Macfarlane has as his main aim to fathom out ‘Is a river alive’. He also questions ‘Does a forest have a mind?’, for he is forever in forests through which rivers flow. He reminds us that we are all living in a watershed. Too true. Most villages, towns and cities are based around an original water source, and he refers to London’s now lost rivers, ‘ghost rivers’ 20 lost in London, others in New York….. These are ‘imprisoned’ rivers that have died. In Europe over one million barriers he says have been erected over watercourses, and he says that the body of water contained in the Three Gorges dam in China has ‘measurably slowed the rotation of the Earth’. There are copious references (and index), though not attributed to particular texts, three maps and a few black and white photographs.
So in this book we have more on the impact of man on the ecology of watersheds and the demise of rivers, and the people that live in the forest, than the nitty-gritty answers of are these rivers alive, are forests mindful, and is there any evidence of sentience by the rivers?
The author spends a lot of time with people of the forests, how they have endured the loss of forest, gold-mining, logging, expropriation, draining of wetlands and forests, canalisation….. etc. Some of his contacts with people are described in a verbatim manner, better for the radio, than in a book and not addressing the core questions.
I would like to have the author cut to the chase with the results of his investigations. I would have like to have seen more on the evidence of sentience rather than the plight of people in the forests subjected to loss of their intimate environment which has been told many times over. Yes, people in watersheds have always revered the water, just like sun and stars as stable entities. Yes, rivers are essentially alive. Most keep on flowing. It’s what they do.

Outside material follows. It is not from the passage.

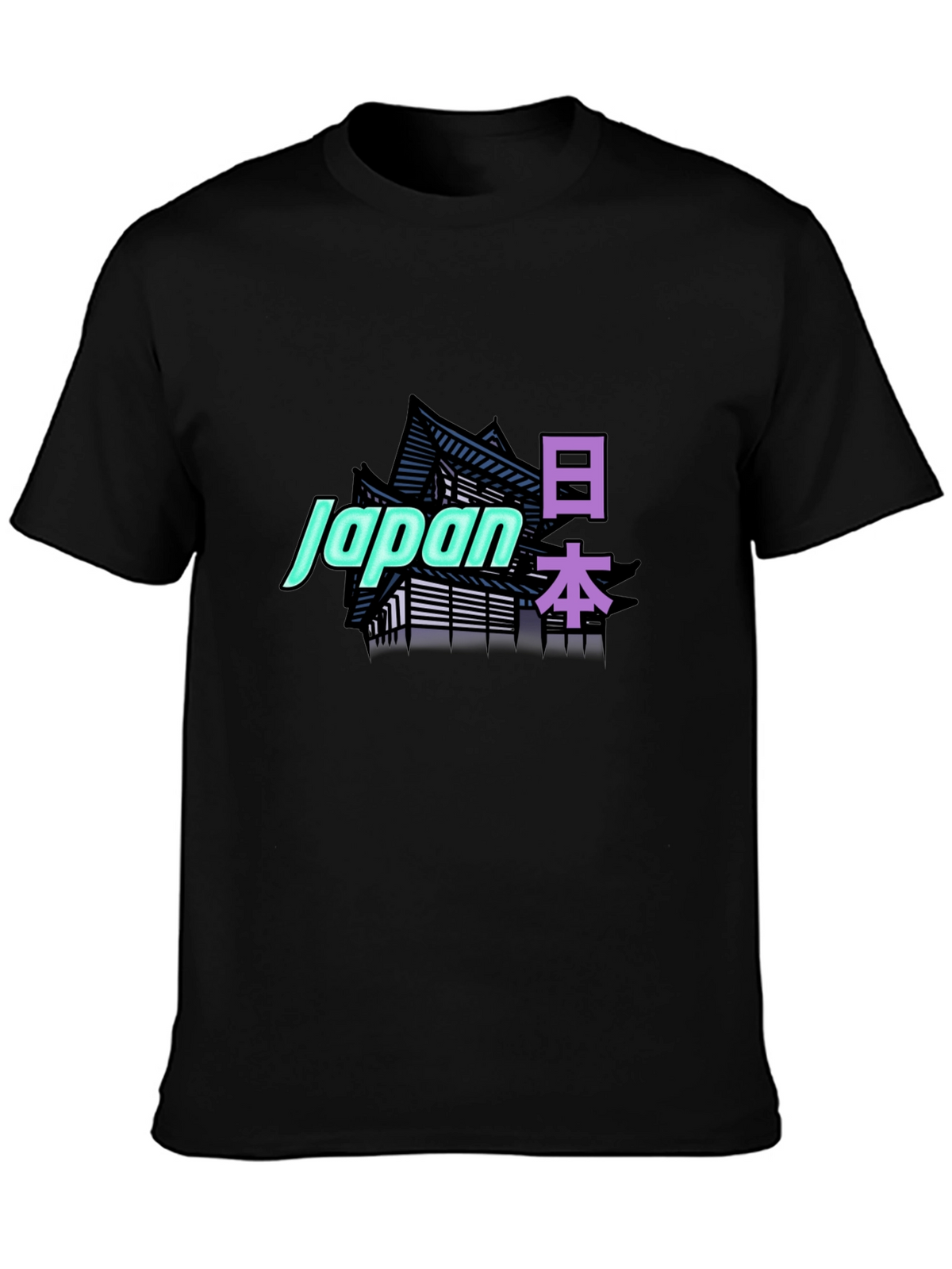 Japan Graphic Tee - Unique Style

As for my own experience I have travelled the Amazon and its tributaries and am aware of its vagaries and its persistence, and need, and obligation to flow (melting snow water). It certainly has presence, standing and one has to be very respectful, and it makes its presence irrevocably known. Sure it is a living body of water and you need to be aware of that.
Rivers are given the right to flow by us, not to be abstracted or polluted. If they are to be ‘protected’ in the world we have chosen to live in, we have to speak for them as they do not have a voice. It is our anthropomorphic choice and we have chosen that avenue to protect one of our natural assets; an essential one.